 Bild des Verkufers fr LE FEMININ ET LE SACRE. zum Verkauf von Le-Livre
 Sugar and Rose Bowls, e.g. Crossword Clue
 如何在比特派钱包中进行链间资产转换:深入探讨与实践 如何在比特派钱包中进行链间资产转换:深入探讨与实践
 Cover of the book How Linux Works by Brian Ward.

---

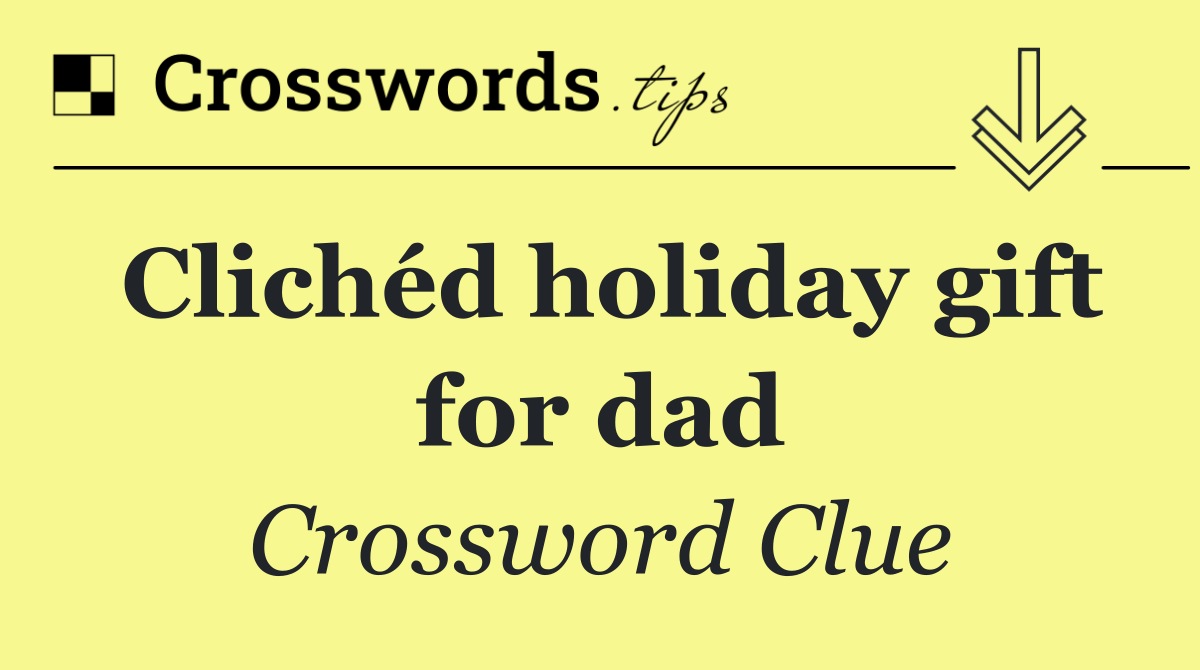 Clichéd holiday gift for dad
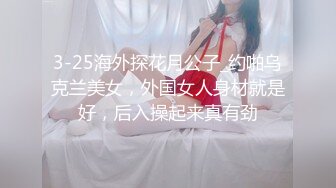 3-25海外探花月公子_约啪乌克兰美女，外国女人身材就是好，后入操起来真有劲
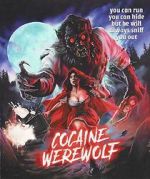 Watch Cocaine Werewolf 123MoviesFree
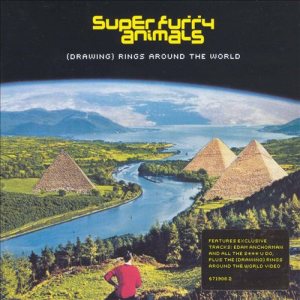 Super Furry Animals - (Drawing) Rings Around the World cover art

» Task requirements
Return the stretch of data that begins with the line showing "Clichéd holiday gift for dad" and goes on through the line showing "Super Furry Animals", exactly, with pictures removed.

» Exercise answer
 Clichéd holiday gift for dad
 3-25海外探花月公子_约啪乌克兰美女，外国女人身材就是好，后入操起来真有劲
 Watch Cocaine Werewolf 123MoviesFree
 Super Furry Animals - (Drawing) Rings Around the World cover art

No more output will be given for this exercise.